- Conference: Ivy League
- Record: 4–20 (2–12 Ivy)
- Head coach: Joe Vancisin (14th season);
- Home arena: John J. Lee Amphitheater

= 1970–71 Yale Bulldogs men's basketball team =

American college basketball season

The 1970–71 Yale Bulldogs men's basketball team represented Yale University during the 1970–71 men's college basketball season. The Bulldogs, led by 14th year head coach Joe Vancisin, played their home games at John J. Lee Amphitheater of the Payne Whitney Gymnasium and were members of the Ivy League. They finished the season 4–20, 2–12 in Ivy League play to finish in seventh place.

==Schedule==

| Date time, TV | Rank^{#} | Opponent^{#} | Result | Record | Site city, state |
| December 2* |  | at Fordham | L 56–74 | 0–1 | Rose Hill Gymnasium The Bronx, New York |
| December 5* |  | Connecticut | W 94–80 | 1–1 | Payne Whitney Gymnasium New Haven, CT |
| December 9 |  | at Brown | L 72–78 | 1–2 (0—1) | Marvel Gymnasium Providence, RI |
| December 12* |  | at Holy Cross | L 65–92 | 1–3 (0—1) | Worcester Memorial Auditorium Worcester, Massachusetts |
| December 16 |  | Brown | L 66–79 | 1–4 (0—2) | Payne Whitney Gymnasium New Haven, CT |
| December 18* |  | vs. Southwestern Louisiana | L 62–64 | 1–5 (0—2) |  |
| December 19* |  | vs. Connecticut | L 76–84 | 1–6 (0—2) |  |
| December 21* |  | at Rice | L 71–91 | 1–7 (0—2) | Tudor Fieldhouse Houston, Texas |
| December 26* |  | at Bradley | L 78–112 | 1–8 (0—2) | Robertson Memorial Field House Peoria, Illinois |
| December 28* |  | at Butler | L 77–96 | 1–9 (0—2) | Hinkle Fieldhouse Indianapolis, Indiana |
| January 2* |  | at Ohio State | L 75–95 | 1–10 (0—2) | St.

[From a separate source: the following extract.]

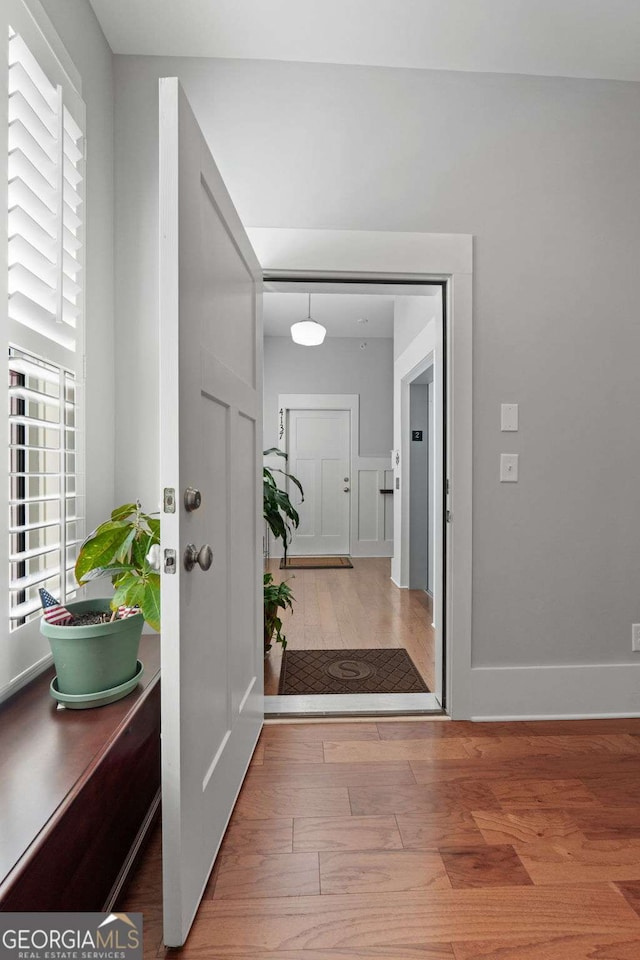 entrance foyer featuring hardwood / wood-style flooring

John Arena Columbus, Ohio |
| January 8 |  | Columbia | L 58–73 | 1–11 (0—3) | Payne Whitney Gymnasium New Haven, CT |
| January 9 |  | Cornell | W 74–60 | 2–11 (1—3) | Payne Whitney Gymnasium New Haven, CT |
| January 30* |  | Colgate | W 102–86 | 3–11 (1—3) | Payne Whitney Gymnasium New Haven, CT |
| February 5 |  | at Harvard | L 98–115 | 3–12 (1—4) | Malkin Athletic Center Cambridge, Massachusetts |
| February 6 |  | at Dartmouth | L 65–88 | 3–13 (1—5) | Alumni Gymnasium Hanover, NH |
| February 12 |  | Princeton | L 71–81 | 3–14 (1—6) | Payne Whitney Gymnasium New Haven, CT |
| February 13 |  | Penn | L 77–91 | 3–15 (1—7) | Payne Whitney Gymnasium New Haven, CT |
| February 19 |  | at Cornell | L 72–93 | 3–16 (1—8) | Barton Hall Ithaca, NY |
| February 20 |  | at Columbia | L 71–92 | 3–17 (1—9) | University Heights Gymnasium New York City |
| February 26 |  | at Princeton | L 64–108 | 3–18 (1—10) | Jadwin Gymnasium Princeton, NJ |
| February 27 |  | at Penn | L 63–93 | 3–19 (1—11) | The Palestra Philadelphia, Pennsylvania |
| March 5 |  | Dartmouth | W 94–80 | 4–19 (2—11) | Payne Whitney Gymnasium New Haven, CT |
| March 6 |  | Harvard | L 87–93 | 4–20 (2—12) | Payne Whitney Gymnasium New Haven, CT |
*Non-conference game. ^{#}Rankings from AP Poll. (#) Tournament seedings in parentheses.